=== Begin Enclosure ===

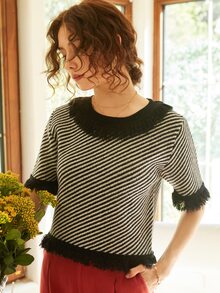 Knit Mix Crew Neck Striped Patchwork Fringed Hem Short Sleeve Knit Top, Random Stripe - Black and White - View 3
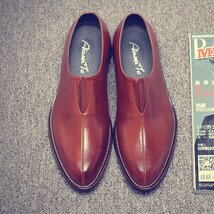 メンズシークレットシューズ ビジネス トンガリ フェイクレザー PU合成皮革 紳士靴 シンプル [23.5cm-27cm選択]ブラウン YWQ1490_画像6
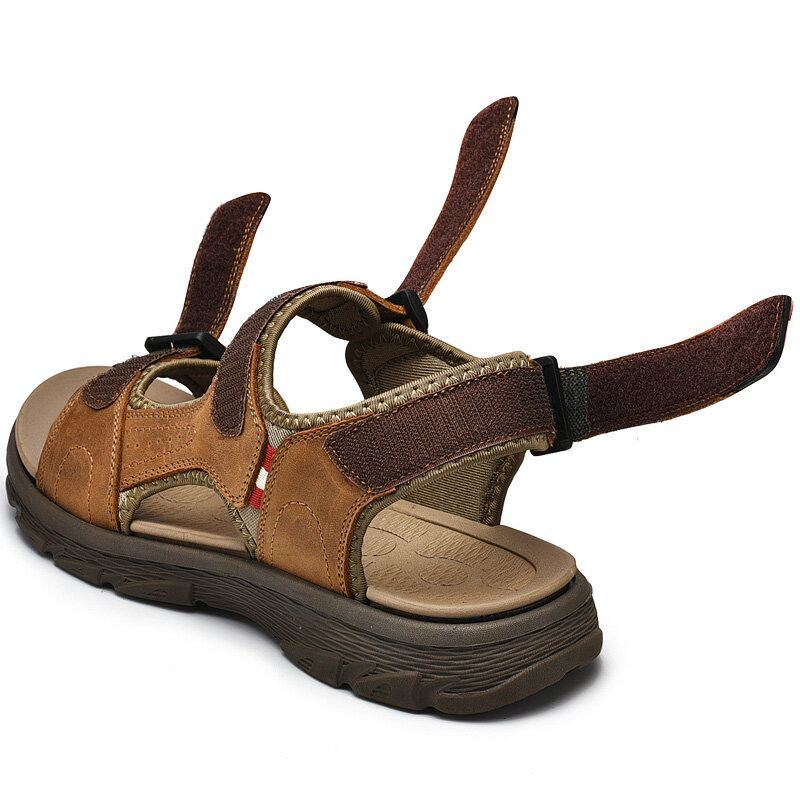 Herren Sommer Outdoor Bequeme Weiche Rindsleder Strandsandalen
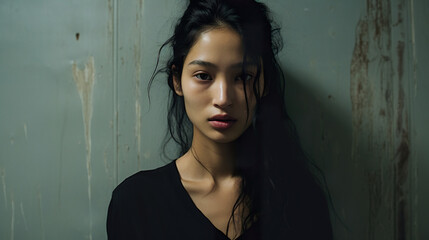 beautiful asian brunette woman in black suit, young japanese or chinese female, studio shot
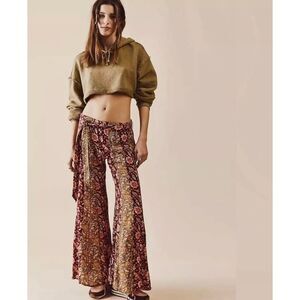 Free People Women's Bali Sultry Bohemian Flare Pants Size Large Wide Leg Gypsy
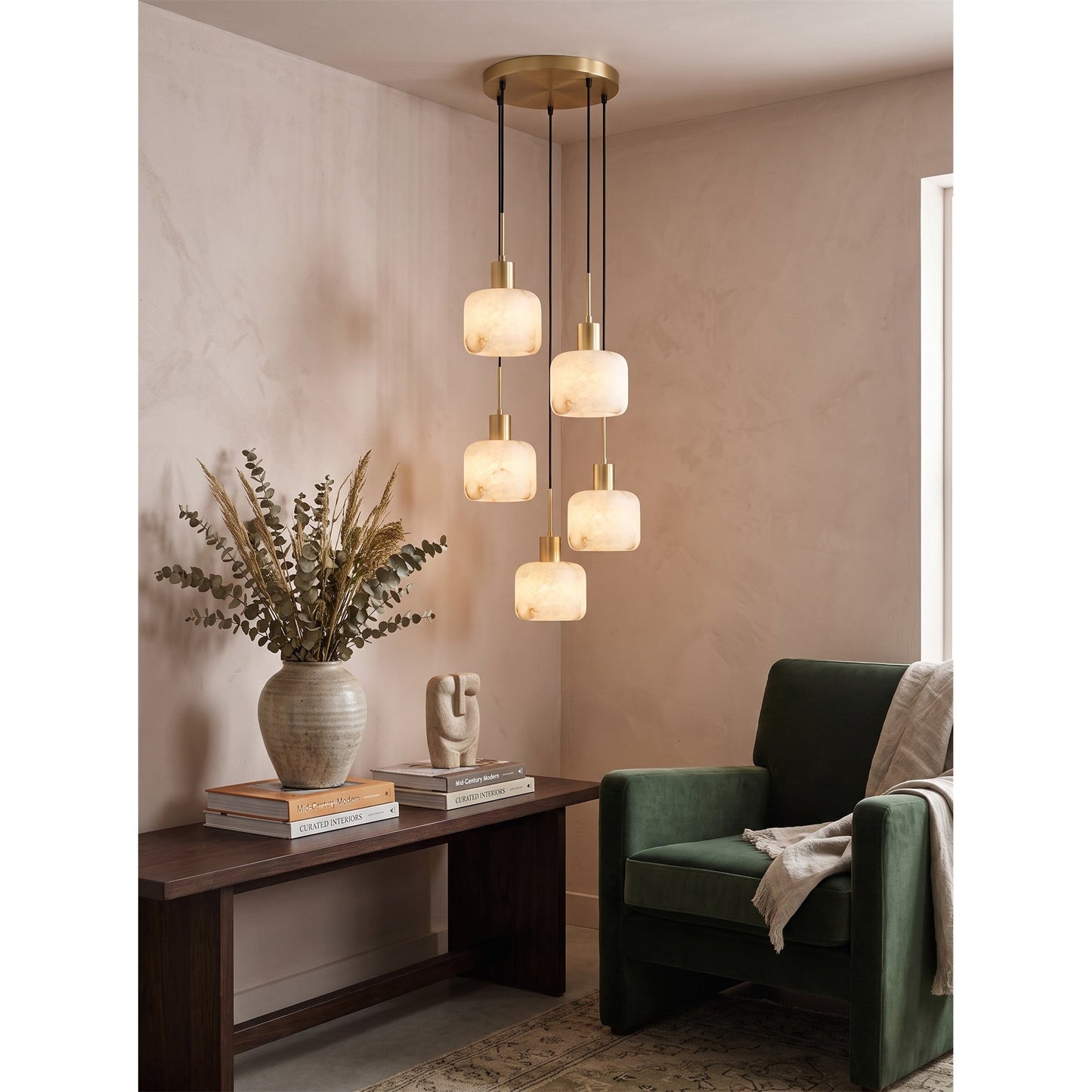Natural Square Alabaster Chandelier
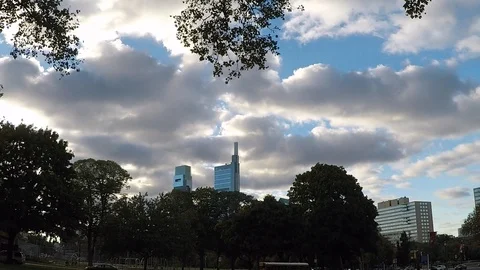 TIMELAPSE: Clouds over Comcast Towers in Philadelphia skyline Stock Footage 98571384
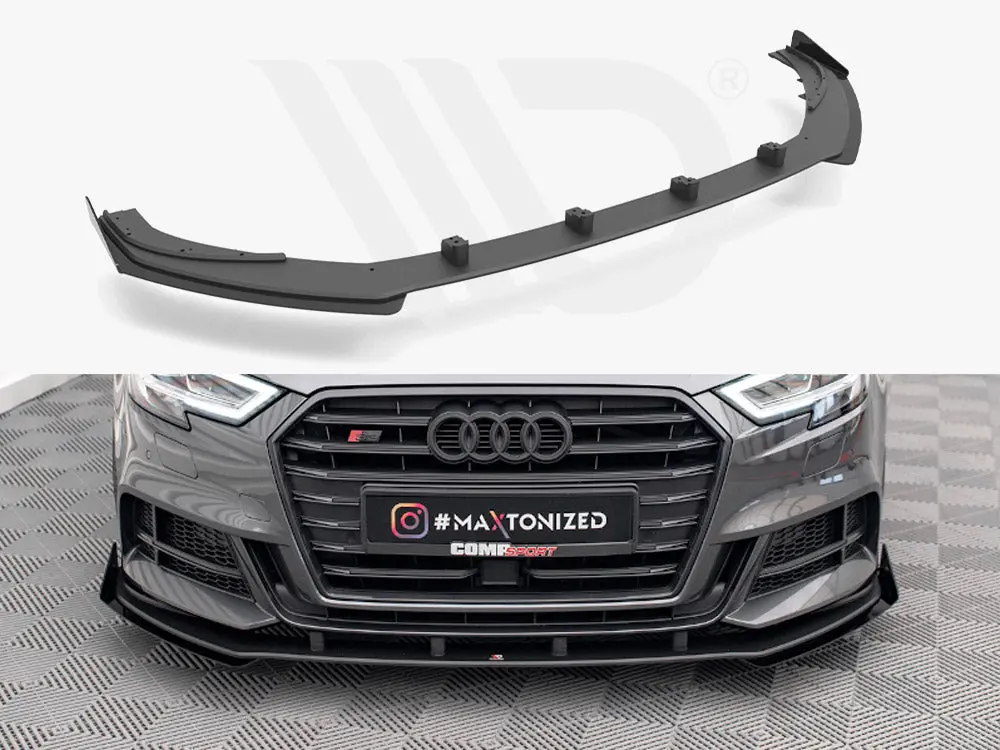 Maxton Design Street Pro Front Splitter V.1 + Flaps Audi S3 / A3 S-Line Sportback 8V Facelift 1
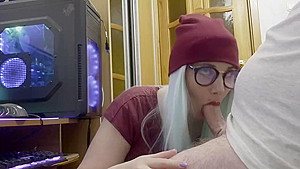 Passionate home evening blowjob with cum in your mouth!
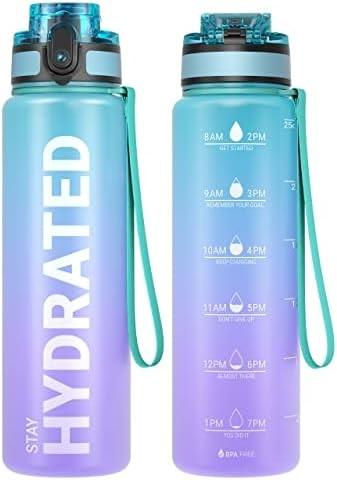 32oz Motivational Sports Water Bottle with Time Marker - Times to Drink - Tritan, BPA Free, Wide Mouth Leakproof,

=== End Enclosure ===

Repeat the listing in full and exactly. Do not include any images.

 Knit Mix Crew Neck Striped Patchwork Fringed Hem Short Sleeve Knit Top, Random Stripe - Black and White - View 3
 メンズシークレットシューズ ビジネス トンガリ フェイクレザー PU合成皮革 紳士靴 シンプル [23.5cm-27cm選択]ブラウン YWQ1490_画像6
 Herren Sommer Outdoor Bequeme Weiche Rindsleder Strandsandalen
 beautiful asian brunette woman in black suit, young japanese or chinese female, studio shot
 Free People Women's Bali Sultry Bohemian Flare Pants Size Large Wide Leg Gypsy
Natural Square Alabaster Chandelier
 TIMELAPSE: Clouds over Comcast Towers in Philadelphia skyline Stock Footage 98571384
 Maxton Design Street Pro Front Splitter V.1 + Flaps Audi S3 / A3 S-Line Sportback 8V Facelift 1
 Passionate home evening blowjob with cum in your mouth!
 32oz Motivational Sports Water Bottle with Time Marker - Times to Drink - Tritan, BPA Free, Wide Mouth Leakproof,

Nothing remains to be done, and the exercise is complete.